Mesures prises post-recommandations

– Le président Alfonsín a approuvé officiellement les conclusions de la commission.

– Adoption du Décret No 3090/1984, qui a induit la création du Secrétariat des droits de l’homme au sein du Ministère de la Justice afin de systématiser  la transmission aux tribunaux des données collectées par la CONADEP. Sont  également systématisées la recherche et l’identification de personnes disparues.

– Autorisation de la diffusion d’un documentaire de deux heures sur les travaux de la commission. L’armée a cependant rejeté le rapport.

– En 1992, la Commission nationale pour le droit à l’identité a été créée, centralisant la recherche des enfants disparus pendant  les guerres clandestines menées en Argentine.

– En 1994, l’Argentine a réformé sa Constitution afin de renforcer la démocratie et d’élever les traités internationaux ratifiés par le Congrès au rang de loi constitutionnelle. La constitution réformée oblige l’État à adopter des mesures positives pour garantir la pleine jouissance des droits de l’homme.

– Les informations recueillies par la commission ont été cruciales dans le procès de la junte militaire, et cinq généraux ont finalement été emprisonnés. Toutefois, la législation adoptée à la fin des années 1980 a mis fin aux poursuites contre d’autres auteurs.

– La série de lois d’amnistie, adoptées par le régime militaire en 1983, a ensuite été abrogée par le gouvernement civil en 2003. L’abrogation des lois d’amnistie a entraîné une vague de procès contre près de 700 personnes. En 2010, un peu plus de cinquante condamnations ont été prononcées.

– En 2004, 3 milliards de dollars américains ont été alloués aux réparations pour les victimes de détention illégale.
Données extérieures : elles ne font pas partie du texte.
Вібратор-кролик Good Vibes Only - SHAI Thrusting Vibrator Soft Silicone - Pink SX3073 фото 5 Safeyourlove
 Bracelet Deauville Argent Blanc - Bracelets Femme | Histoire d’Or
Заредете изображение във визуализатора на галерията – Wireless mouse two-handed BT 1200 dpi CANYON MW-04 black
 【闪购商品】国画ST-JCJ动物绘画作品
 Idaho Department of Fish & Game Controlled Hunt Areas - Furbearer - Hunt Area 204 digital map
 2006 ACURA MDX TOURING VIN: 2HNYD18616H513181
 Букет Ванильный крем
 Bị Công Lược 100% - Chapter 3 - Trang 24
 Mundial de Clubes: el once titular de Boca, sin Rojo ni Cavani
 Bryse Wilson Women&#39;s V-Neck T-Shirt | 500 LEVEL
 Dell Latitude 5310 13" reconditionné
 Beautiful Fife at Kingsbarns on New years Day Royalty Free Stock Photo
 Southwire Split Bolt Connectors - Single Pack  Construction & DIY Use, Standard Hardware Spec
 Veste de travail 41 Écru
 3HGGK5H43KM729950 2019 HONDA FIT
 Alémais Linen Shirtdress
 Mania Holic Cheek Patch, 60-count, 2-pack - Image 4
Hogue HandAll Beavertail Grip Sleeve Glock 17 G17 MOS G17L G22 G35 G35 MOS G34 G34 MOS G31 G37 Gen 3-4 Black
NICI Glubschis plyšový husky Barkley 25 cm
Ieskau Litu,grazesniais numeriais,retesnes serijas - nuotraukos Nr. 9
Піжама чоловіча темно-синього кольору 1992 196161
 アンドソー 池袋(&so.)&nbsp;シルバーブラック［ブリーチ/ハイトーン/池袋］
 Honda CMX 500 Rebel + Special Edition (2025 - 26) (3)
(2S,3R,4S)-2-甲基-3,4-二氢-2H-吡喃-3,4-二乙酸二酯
Pour avoir droit à une indemnisation, les victimes devaient prouver qu’elles avaient été détenues sans procès entre 1976 et 1979. L’armée s’est toutefois montrée peu coopérative et n’a pas fourni la plupart des documents nécessaires.

La prise en compte des violences sexuelles

Les abus sexuels ayant été perpétrés pendant le Processus de réorganisation nationale n’ont pas été spécifiquement traités par la Commission.